Duchenne muscular dystrophy (DMD) is caused by the absence of a functional transcript of the protein dystrophin. DMD is associated with a range of cognitive deficits that are thought to result from a lack of the protein dystrophin in brain structures involved in cognitive functions. The CNS involvement extends to an impairment of cognitive abilities, with many DMD boys having significant reduction in IQ. In the cerebellum, dystrophin is normally localized at the postsynaptic membrane of GABAergic synapses on Purkinje cells. Here, we investigate the effect of an absence of dystrophin on the number of GABAA channels located at the synapse in cerebellar Purkinje cells of the dystrophin-deficient mdx mouse. Whole-cell patch-clamp recordings of spontaneous miniature inhibitory postsynaptic currents (mIPSCs) were performed in cerebellar slices from mdx and littermate control mice.
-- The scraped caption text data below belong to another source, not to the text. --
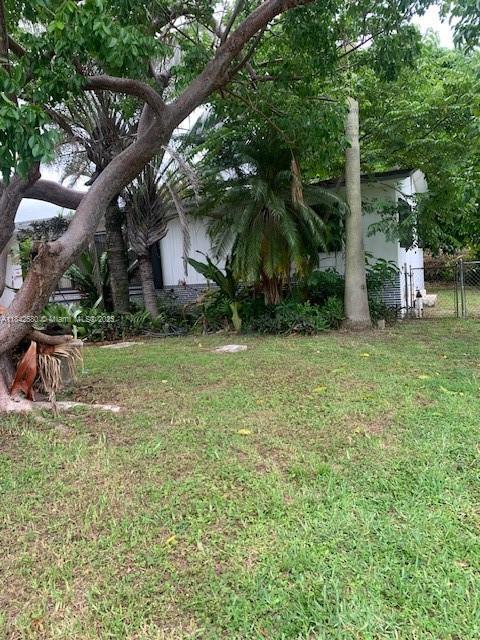 15605 NW 2nd Ct, Miami, FL 33169 - photo 2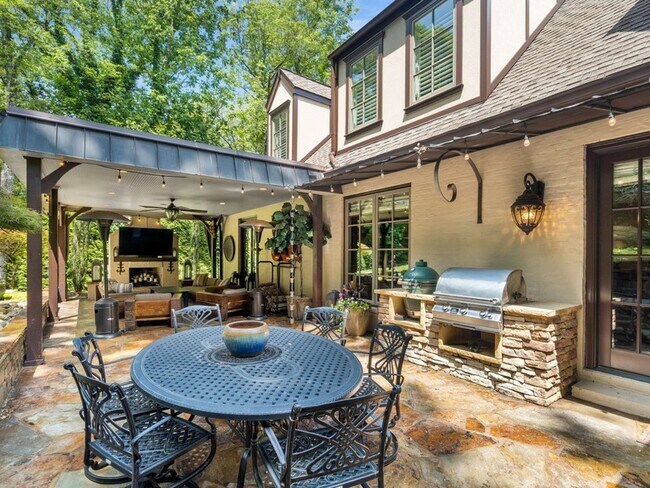 Building Photo - 3807 Harding Pl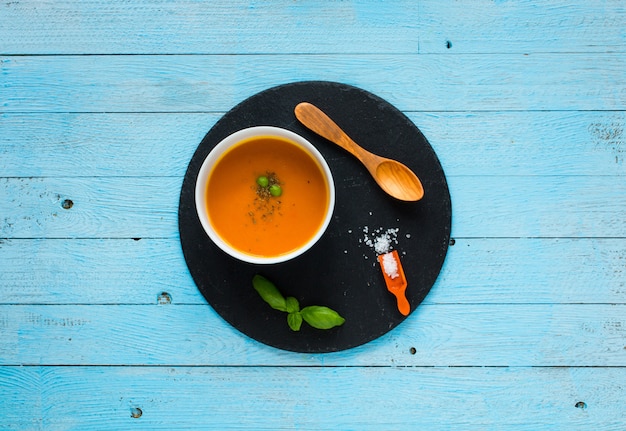 Zuppa di zucca fatta in casa su rustico su legno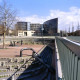 Archiv der Region Hannover, ARH Slg. Bürgerbüro 670, Blick auf den Andreas-Hermes-Platz mit der Skulpturengruppe "Die Frauen von Messina" und das Gebäude der DZ Bank, Hannover-Oststadt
Our results showed that the number of receptors at GABAergic synapses in the cerebellar Purkinje cell was significantly reduced in mdx mice (38.38±2.95) compared to littermate controls (53.03±4.11). Furthermore, when gaboxadol was added to the bath, the change in holding current in mdx mice was significantly enhanced (65.01±5.89pA) compared to littermate controls (37.36±3.82pA). The single channel unitary conductance and the rise and decay time of mIPSCs were not significantly different in these two groups of mice, indicating that those GABAA channels located at the postsynaptic sites in the mdx mice function normally. Conclusion: There is a reduction in the number of functional receptors localized at GABAergic synapses in the cerebellar Purkinje cells of dystrophin-deficient mdx mice and an increase in a gaboxadol induced holding current, which is evidence for an increase in extrasynaptic GABAA receptors in mdx mice. We hypothesize that the absence of dystrophin, from mdx Purkinje cells, reduces the number of post-synaptic GABAA receptors and as a result there is an increase in extrasynaptic receptors. If similar changes occur in the CNS in boys with DMD, it will impact on the function of neural networks and may contribute to some of the motor, behavioral and cognitive impairment apparent in many boys with DMD.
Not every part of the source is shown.